Serving Gogebic, Iron and Ontonagon Counties

2014 coldest year for many UP communities

MARQUETTE - While headlines over the past two weeks point out 2014 was the warmest year on record in terms of global temperatures, Upper Peninsula communities posted some of their coldest readings in the past 110 years.

A northwest flow of air and numerous cold air masses from Canada "were frequent visitors to the upper Great Lakes," said Kevin Crupi, of the National Weather Service's Marquette office.

He released a 2014 summary of readings from weather stations across the U.P.

Ironwood's average temperature of 36.4 degrees for 2014 was 3.7 degrees below normal and set a 110-year record, eclipsing 1996.

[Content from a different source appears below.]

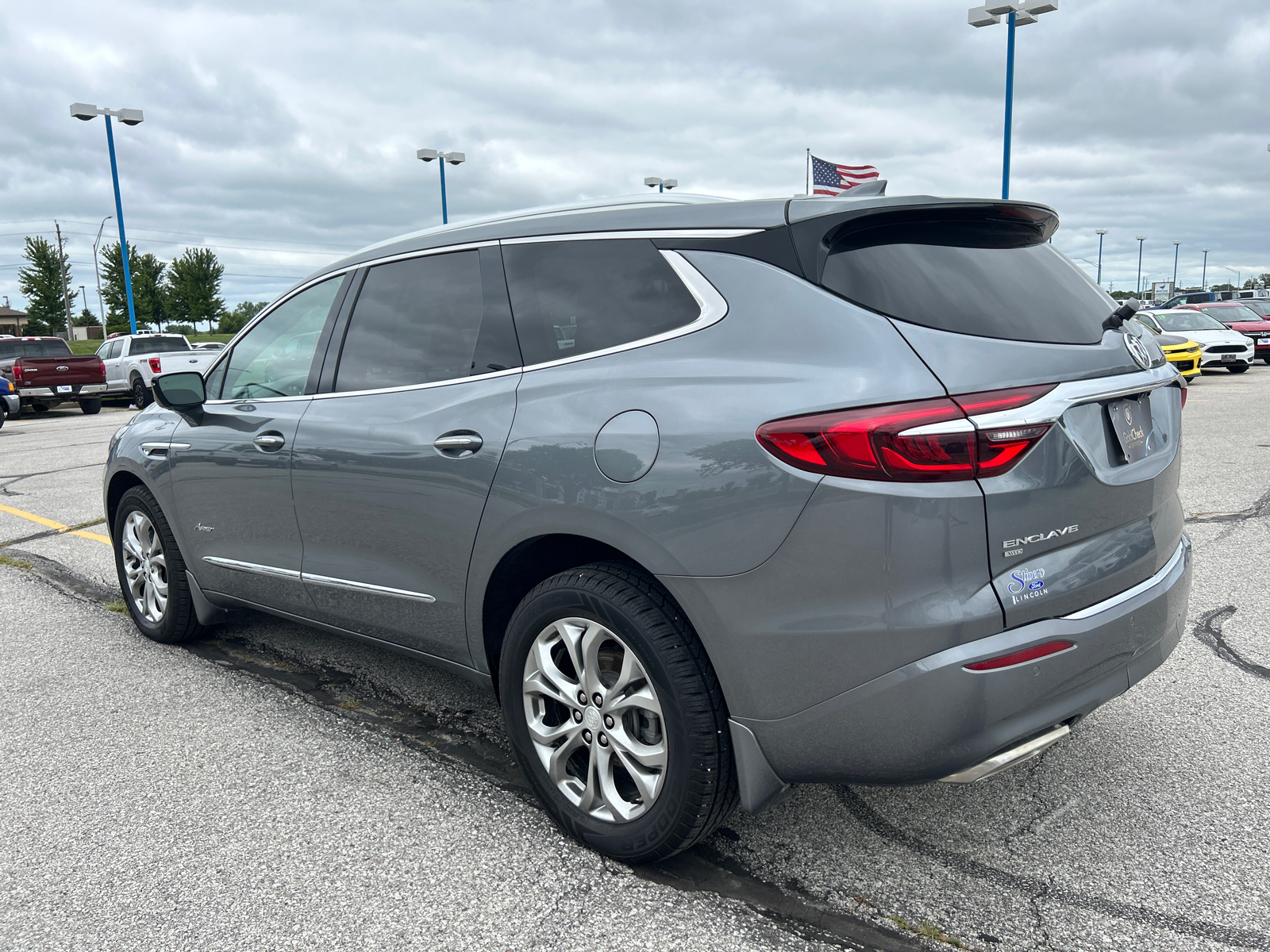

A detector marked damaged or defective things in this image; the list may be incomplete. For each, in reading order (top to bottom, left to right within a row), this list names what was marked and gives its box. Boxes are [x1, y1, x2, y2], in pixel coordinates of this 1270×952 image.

cracked pavement [2, 368, 1270, 952]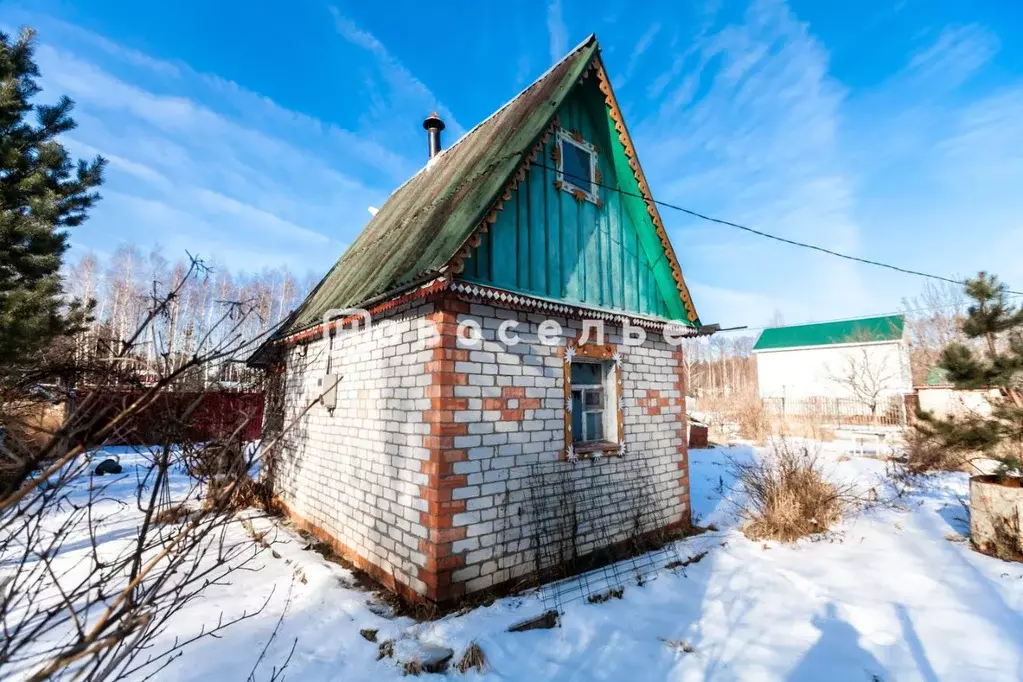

Crupi said Manistique, Newberry and Iron Mountain also set records for cold weather.

Munising and Marquette had their second coldest years on record, according to the weather service.

In addition to the cold, precipitation 2014 was well above normal across the U.P., although no individual records were broken.

Ironwood recorded 45.13 inches of precipitation in 2014, or 10.2 inches above average. It was the sixth wettest year on record here. The wettest was 53.46 inches of 2013.

The 247 inches of snow that fell over Ironwood in 2014 was a whopping 58.8 inches above normal, and the fourth highest on record. The record is 279.4 inches in 1989.